It’s been three years since the UK horse meat scandal - can we trust the food supply chain?

By Nye Longman
The UK erupted in shock in 2013 when it was discovered that horsemeat had made its way into beef burgers and ready meals. After three years, it is clear...

The UK erupted in shock in 2013 when it was discovered that horsemeat had made its way into beef burgers and ready meals. After three years, it is clear that much has changed in the food supply chain while some issues persist.

Muddy Boots’ Greenlight Quality Control system checked over three million items of fresh produce last year, which is an increase of 150 percent since the scandal broke; this system enables all members of the supply chain to easily access, update and share information instantly. Supported by a central database of product specifications, the QC system provides visibility across the board; it is used by around 70 percent of the UK’s fresh produce supply chain.

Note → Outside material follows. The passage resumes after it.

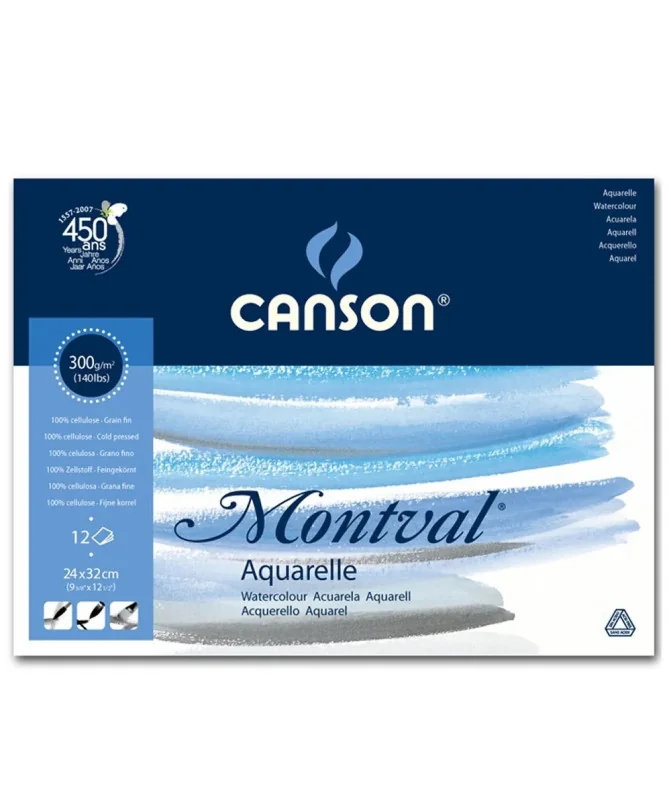 Bloco Papel Aguarela Canson Montval 12Fls. 300g A4 807319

Mark Powell, Product Development Manager at Muddy Boots said: “Traditionally, the produce would arrive at the supermarket depot and at that point the retailer either accepts and sells the goods, or rejects and discards it. This is a risky and costly approach that makes working efficiently and sustainably a real challenge.

RELATED: Globalised supply chain to blame for horsemeat scandal?

“However, when all members of your supply chain are accessing the same data via Greenlight QC, everyone is clear on the required specification from the get-go; the supplier, and even his suppliers, have confidence that the produce is the appropriate quality for the customer before it’s shipped, and the retailer has confidence that all produce about to arrive at depot is fit for purpose.

This early warning system allows the supplier to identify any produce that the retailer will reject before he ships it, therefore allowing him to redistribute to another customer. The end result is a significant reduction in waste, increase in efficiency, and stronger supply chain relationships.”

While the uptake of this system is undoubtedly a sign that big grocers are taking steps to prevent a repeat of the past (or something worse!) But, for smaller businesses at least, the costs of mapping out entire supply chains can prove to be a massive barrier.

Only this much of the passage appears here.